Ciò provoca devastanti conseguenze anche per la biodiversità presente in questi territori come oranghi, tigri ed elefanti, specie in via di estinzione che periscono insieme al loro habitat naturale. Senza contare che l’economia locale, basata in parte sulla coltivazione di riso, tè e caffè, viene colpita duramente a causa degli incendi delle foreste.

La drammatica emergenza ambientale è il motivo per cui l’olio di palma è fortemente osteggiato dagli ambientalisti: importante è stato il contributo di Greenpeace che ha mandato alcuni suoi membri a sorvolare la provincia di Kalimantan, nel Borneo, per documentare lo scempio della deforestazione.

Insieme agli ambientalisti anche i nutrizionisti stanno lanciando un campanello d’allarme riguardo il consumo dell’olio di palma. Infatti se ingerito in quantità eccessive, provoca danni al cuore, ai vasi sanguigni e innalza il tasso di colesterolo. Per queste ragioni i grassi saturi andrebbero assunti con moderazione, e le calorie derivanti non dovrebbero superare il 10% di quelle giornaliere, ma il punto fondamentale della questione è che l’olio di palma è estremamente diffuso in molti prodotti alimentari. Solo di recente, secondo la legge sulle etichette alimentari entrata in vigore il 14 dicembre 2014, le industrie hanno specificato sulle confezioni se i loro prodotti contengono o meno olio di palma, dando finalmente la possibilità di scelta al consumatore.
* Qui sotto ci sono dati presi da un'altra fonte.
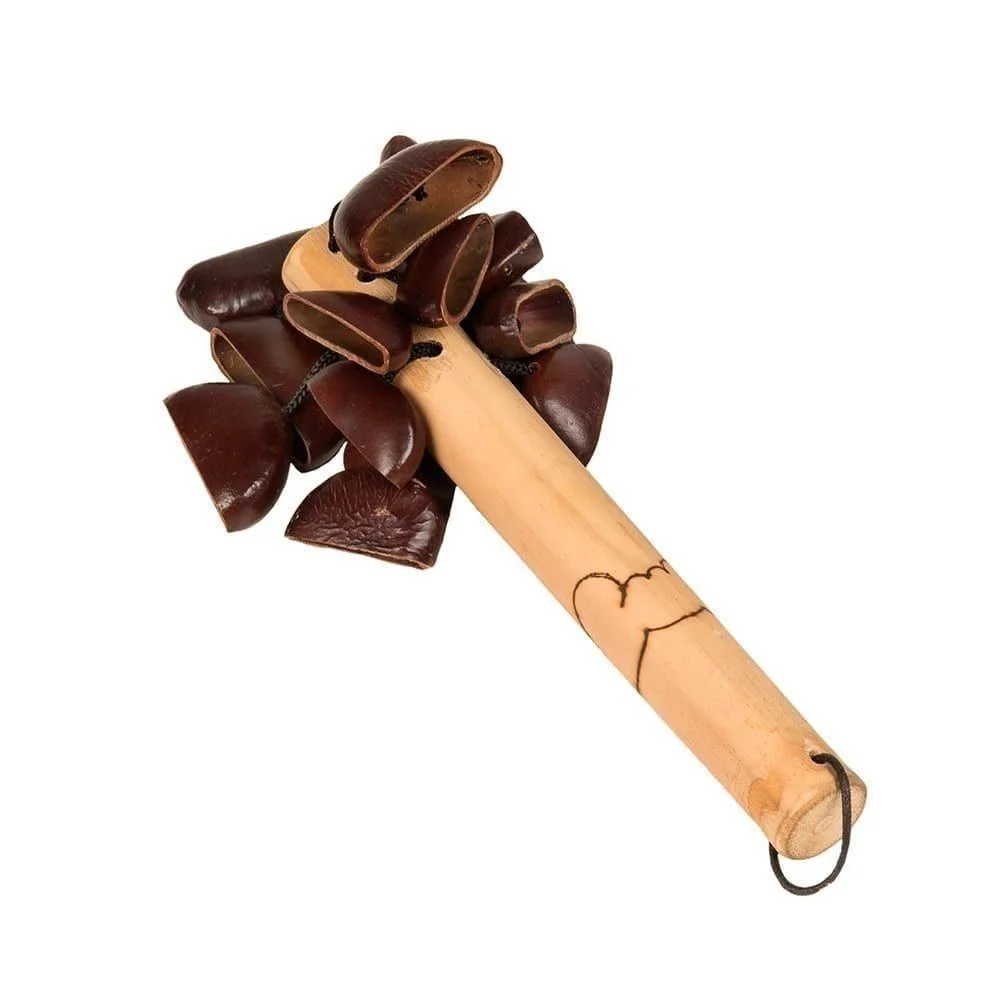 This is a product shot of a Bento Shaker, diagonal shot. It has a wooden or bamboo handle with a design burnt into the wood. At the top are many Bento seeds are attached which make the shaker sound.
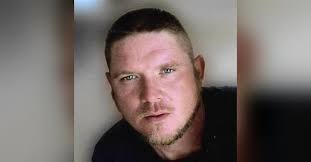 John Derek Busby Obituary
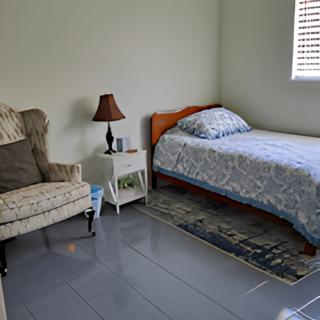A simple bedroom with a single bed, armchair, and nightstand.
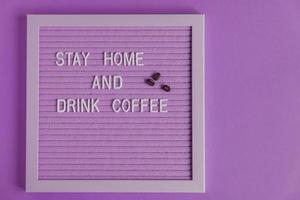 citar ficar em casa e beber café na placa decorativa roxa. decoratina com grãos de café. placa de tipografia para decoração de interiores. foto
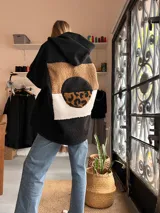 Campera tipo hoodie de textura tipo corderito en color negro, con diseño de collage en la espalda que combina parches en tonos marrón, blanco y estampado animal print de leopardo.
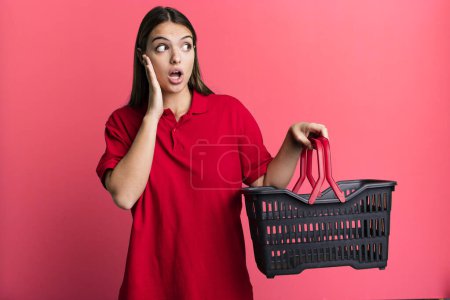 Photo for Young pretty woman feeling happy, excited and surprised. empty shopping basket concept - Royalty Free Image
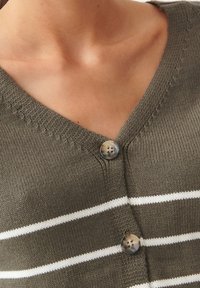 Zbliżenie na brązowy dziergany sweter z białymi, poziomymi paskami oraz dwoma marmurkowymi guzikami w okolicy obojczyka.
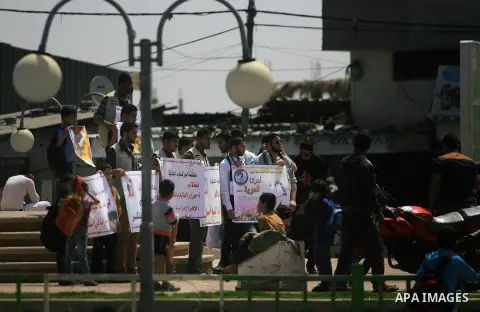 Palestinians hold banners in a rally marking Palestinian Prisoner Day, in Rafah in southern Gaza strip April 17, 2014. Israel holds some 5,000 Palestinians it accuses of committing or planning violence against it. Photo...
Prima di questa legge le industrie ne segnalavano la presenza con la vaga dicitura “oli vegetali”, tacendo in questo modo quanto fosse diffuso il suo effettivo utilizzo. Con questo sistema le industrie hanno spinto verso un enorme consumo dell’olio di palma, puntando su informazione poco trasparente. Infatti nel 2014 in Italia il consumo dell’olio di palma è aumentato del 24%. Basta guardare le etichette dei prodotti alimentari e notare che il contestato ingrediente si trova in biscotti, snak, merendine e craker, solo per citarne alcuni, alimenti consumati dalla maggioranza delle persone, soprattutto bambini.

L’allarmante situazione gira attorno alla produzione di un grasso vegetale con notevoli vantaggi economici che pesano sulle spalle dell’ambiente e della salute umana A tal proposito si rivela propizia la celebre frase del capo indiano Piede di Corvo vissuto due secoli fa: “Quando l’ultimo albero sarà abbattuto, l’ultimo fiume avvelenato, l’ultimo pesce pescato vi accorgerete che non si può mangiare il denaro”. Una citazione di grande attualità che, pur risalendo all’Ottocento, sembrò anticipare lo stato in cui oggi riversa il pianeta.